"""

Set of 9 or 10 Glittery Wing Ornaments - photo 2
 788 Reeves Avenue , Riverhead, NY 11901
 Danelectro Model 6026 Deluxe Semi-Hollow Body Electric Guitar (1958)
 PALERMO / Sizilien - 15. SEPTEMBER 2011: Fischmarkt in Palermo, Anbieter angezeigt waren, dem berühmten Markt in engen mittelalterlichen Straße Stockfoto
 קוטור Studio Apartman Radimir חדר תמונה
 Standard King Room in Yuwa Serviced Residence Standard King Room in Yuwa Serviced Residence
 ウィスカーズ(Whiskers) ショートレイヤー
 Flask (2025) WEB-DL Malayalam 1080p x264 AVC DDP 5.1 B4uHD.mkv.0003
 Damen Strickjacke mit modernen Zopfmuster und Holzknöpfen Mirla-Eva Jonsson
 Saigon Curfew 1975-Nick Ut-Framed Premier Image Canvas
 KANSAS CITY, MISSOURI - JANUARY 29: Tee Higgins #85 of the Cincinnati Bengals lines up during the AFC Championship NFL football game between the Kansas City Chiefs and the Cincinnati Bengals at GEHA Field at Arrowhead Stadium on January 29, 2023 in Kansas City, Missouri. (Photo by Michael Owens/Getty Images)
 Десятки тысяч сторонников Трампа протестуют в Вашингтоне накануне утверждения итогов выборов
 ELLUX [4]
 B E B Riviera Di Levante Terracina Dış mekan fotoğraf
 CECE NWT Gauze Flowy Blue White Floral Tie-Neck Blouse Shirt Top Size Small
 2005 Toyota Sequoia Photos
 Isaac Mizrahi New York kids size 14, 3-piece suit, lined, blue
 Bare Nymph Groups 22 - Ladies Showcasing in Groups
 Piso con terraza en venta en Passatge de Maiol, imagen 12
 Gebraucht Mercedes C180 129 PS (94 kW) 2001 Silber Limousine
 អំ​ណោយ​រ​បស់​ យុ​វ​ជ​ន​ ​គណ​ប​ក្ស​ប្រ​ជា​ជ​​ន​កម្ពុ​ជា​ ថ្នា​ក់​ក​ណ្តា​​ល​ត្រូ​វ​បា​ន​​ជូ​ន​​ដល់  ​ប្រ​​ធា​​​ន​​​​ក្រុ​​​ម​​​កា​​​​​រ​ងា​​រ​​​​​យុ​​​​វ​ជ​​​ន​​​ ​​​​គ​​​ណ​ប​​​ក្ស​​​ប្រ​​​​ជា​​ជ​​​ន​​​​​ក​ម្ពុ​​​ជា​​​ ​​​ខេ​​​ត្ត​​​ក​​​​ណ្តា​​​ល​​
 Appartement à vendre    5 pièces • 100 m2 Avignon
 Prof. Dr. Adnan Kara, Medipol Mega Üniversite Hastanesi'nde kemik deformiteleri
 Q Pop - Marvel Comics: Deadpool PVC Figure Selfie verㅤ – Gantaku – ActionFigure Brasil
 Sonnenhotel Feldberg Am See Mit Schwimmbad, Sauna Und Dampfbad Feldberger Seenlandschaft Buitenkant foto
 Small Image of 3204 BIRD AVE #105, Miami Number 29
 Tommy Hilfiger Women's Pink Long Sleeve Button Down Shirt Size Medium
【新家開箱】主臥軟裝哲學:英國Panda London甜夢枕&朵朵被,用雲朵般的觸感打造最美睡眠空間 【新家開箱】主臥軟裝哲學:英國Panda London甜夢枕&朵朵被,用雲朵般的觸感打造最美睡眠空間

"""

Show the lines above with "Shirt".

→ **Task solution**
 CECE NWT Gauze Flowy Blue White Floral Tie-Neck Blouse Shirt Top Size Small
 Tommy Hilfiger Women's Pink Long Sleeve Button Down Shirt Size Medium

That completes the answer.